Reputation: 101
In a dataframe, I want to create a new column based on the occurence of a specific set of strings (char vector) in another column.
So basically, I want this:
ID Phrases
1 some words
2 some words dec
3 some words nov may
to return this:
ID Phrases MonthsOccur
1 some words NA
2 some words dec dec
3 some words nov may may nov
I have tried the following, and I'm not sure why it's giving me the outcome that it does:
library(dplyr)
vMonths <- c("jan","feb","mar","apr","may","jun","jul","aug","sept","nov","dec")
a <- c(1,2,3)
b <- c('phrase number one', 'phrase dec','phrase nov')
df <- data.frame(a,b)
names(df) <- c("ID","Phrases")
df <- df %>% mutate(MonthsOccur = paste(vMonths[str_detect(Phrases, vMonths)],collapse=" "))
It gives me the following warning:
Warning message: In stri_detect_regex(string, pattern, negate = negate, opts_regex = opts(pattern)) : longer object length is not a multiple of shorter object length
And the following outcome:
ID Phrases MonthsOccur
1 some words dec
2 some words dec dec
3 some words nov may dec
Upvotes: 4
Views: 279
Reputation: 39858
Another option involving dplyr
and stringr
could be:
df %>%
mutate(MonthsOccur = str_extract_all(Phrases, paste(tolower(month.abb), collapse = "|")))
ID Phrases MonthsOccur
1 1 some words
2 2 some words dec dec
3 3 some words nov may nov, may
The output here is not a character vector, but a list.

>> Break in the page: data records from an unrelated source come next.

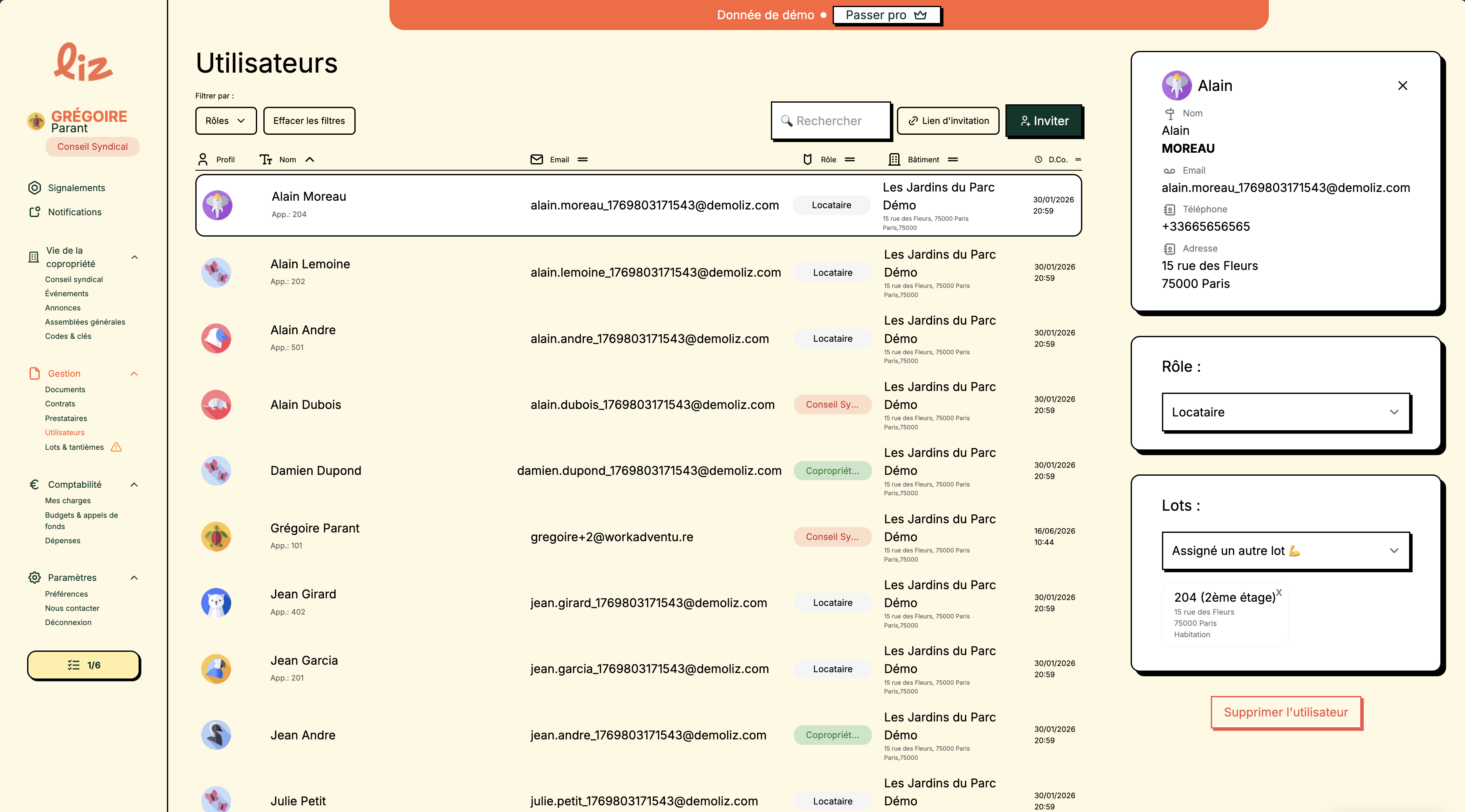 Interface Liz — liste des utilisateurs de copropriété avec rôles, lots et invitations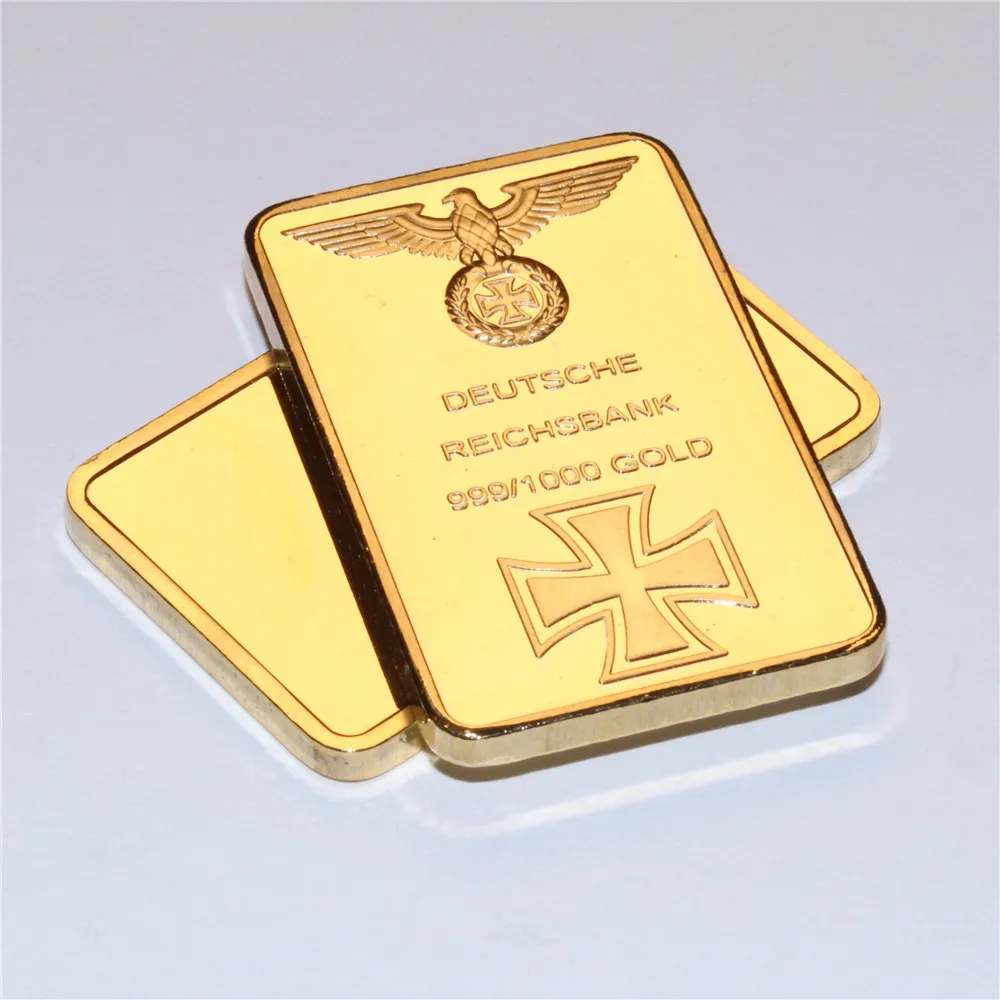 Buy Business Gift For 999 Real Gold Bar Deutsche Reichsbank Plated German Iron Ingot OZ Eagle Cross Collectable on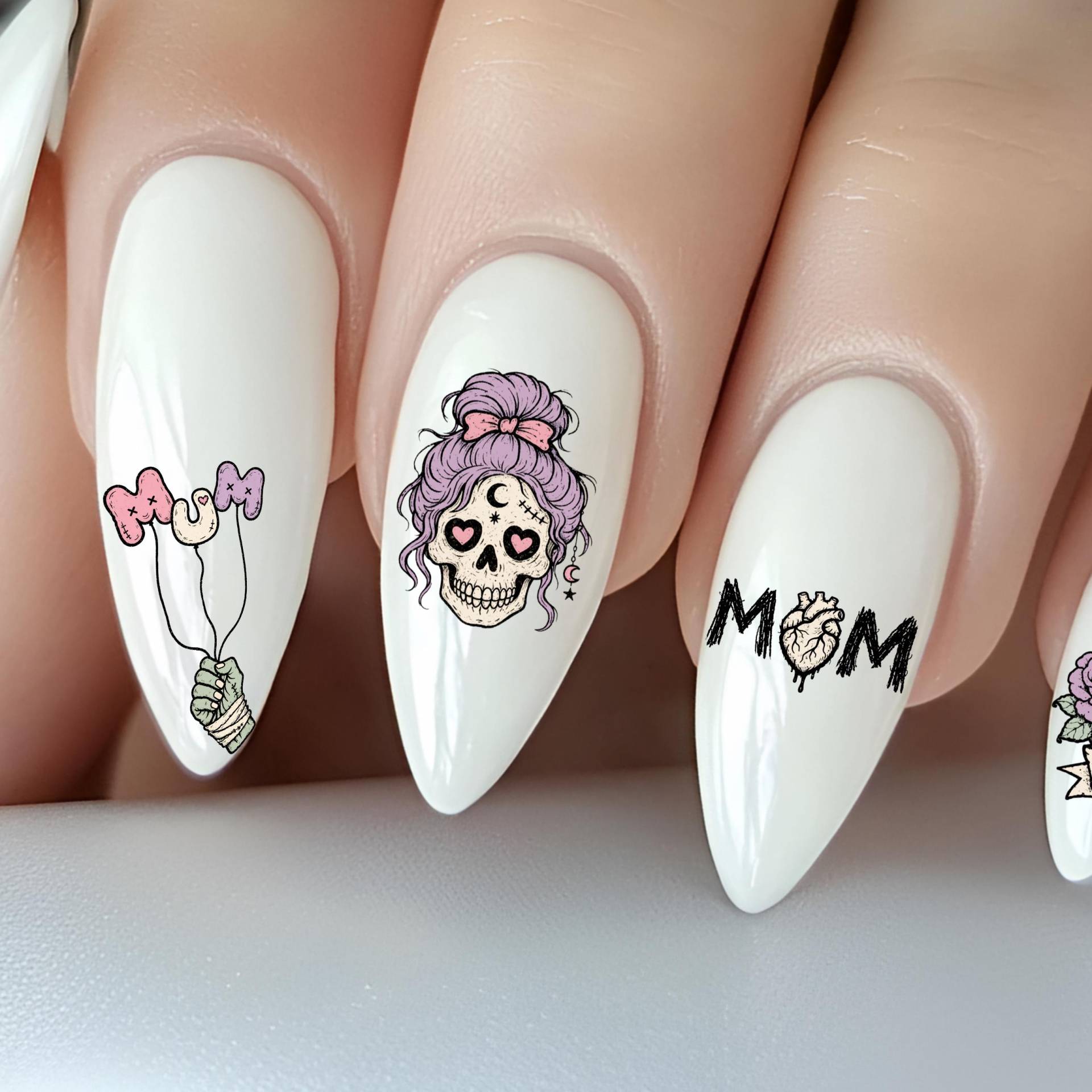 Muttertag Nagelsticker, Wasserschiebe Nailart Stickers Für Nägel, Liebe, Dankbarkeit, Seelentröster, Herzensmensch, Schaurig Süße Mama von Etsy - TheArtofNaildesign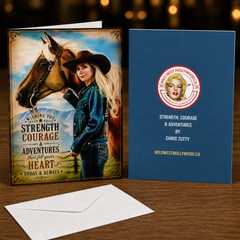 STRENGTH, COURAGE AND ADVENTURES (Heartland) Greeting card by Chris Tutty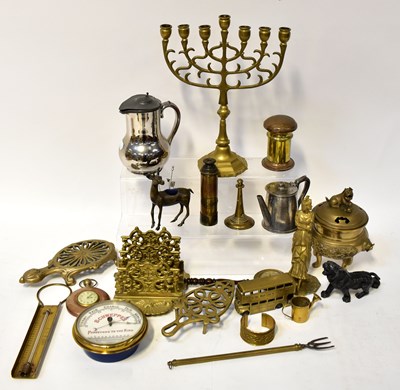Lot 670 - A quantity of brass, copper, pewter and silver-...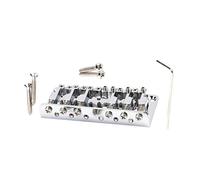 TOGEVAL Chrome Electric Guitar Bridge Saddle String Replacement with Screws and Wrench Metal Guitar Bridge for Repair and Upgrade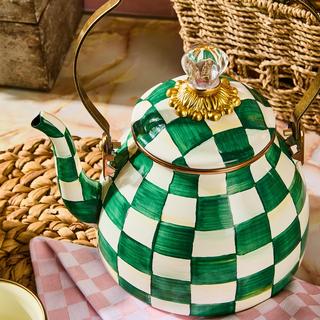 Emerald Check Stainless Stee Tea Kettle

If you are indeed looking for a character vector, then with the addition of purrr
:
df %>%
mutate(MonthsOccur = map_chr(str_extract_all(Phrases, paste(tolower(month.abb), collapse = "|")),
paste, collapse = ", "))
Upvotes: 0
Reputation: 388907
One option is to apply str_detect
rowwise
library(dplyr)
library(stringr)
df %>%
rowwise() %>%
mutate(MonthsOccur = paste0(vMonths[str_detect(Phrases, vMonths)],
collapse = " "))
However, rowwise
may or may not be continued in the future so a better way is to use map
operations
df %>%
mutate(MonthsOccur = purrr::map_chr(Phrases,
~paste0(vMonths[str_detect(.x, vMonths)], collapse = " ")))
# ID Phrases MonthsOccur
#1 1 phrase number one
#2 2 phrase dec dec
#3 3 phrase nov may may nov
A base R option would be with regmatches
and gregexpr
sapply(regmatches(df$Phrases, gregexpr(paste0(vMonths, collapse = "|"),
df$Phrases)), paste0, collapse = " ")
data
df <- structure(list(ID = c(1, 2, 3), Phrases = structure(c(3L, 1L,
2L), .Label = c("phrase dec", "phrase nov may", "phrase number one"
), class = "factor")), class = "data.frame", row.names = c(NA, -3L))
Upvotes: 3